**What you need to do**: All the data should be repeated exactly. Any image in it is left out.

**Available data**:

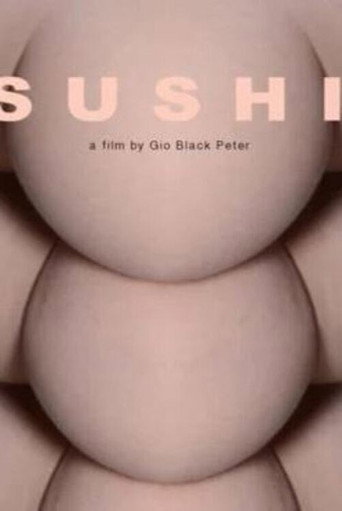 Sushi movie poster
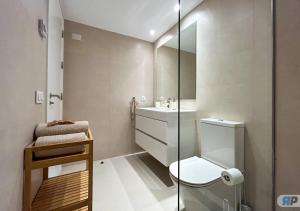 Deluxe seaview terrace apartment 013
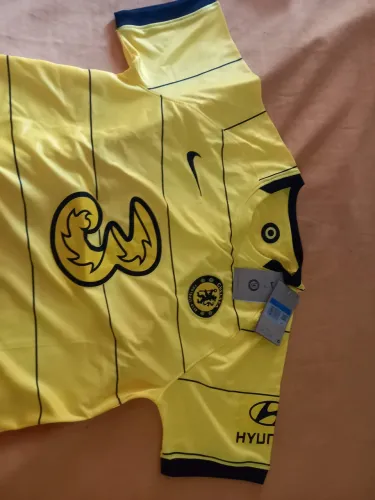 Camisa Retrô do Chelsea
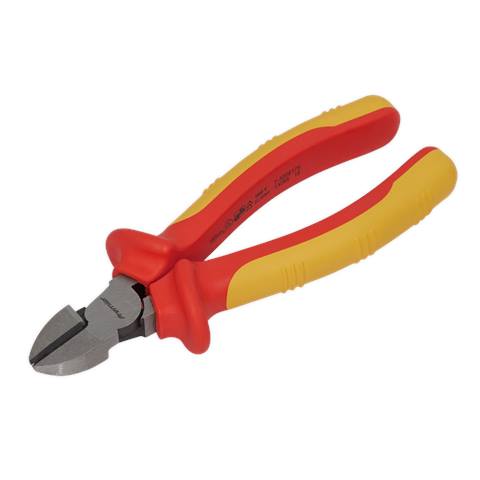 Premier Side Cutters 160mm - VDE Approved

**Result for this exercise**:
 Sushi movie poster
 Deluxe seaview terrace apartment 013
 Camisa Retrô do Chelsea
 Premier Side Cutters 160mm - VDE Approved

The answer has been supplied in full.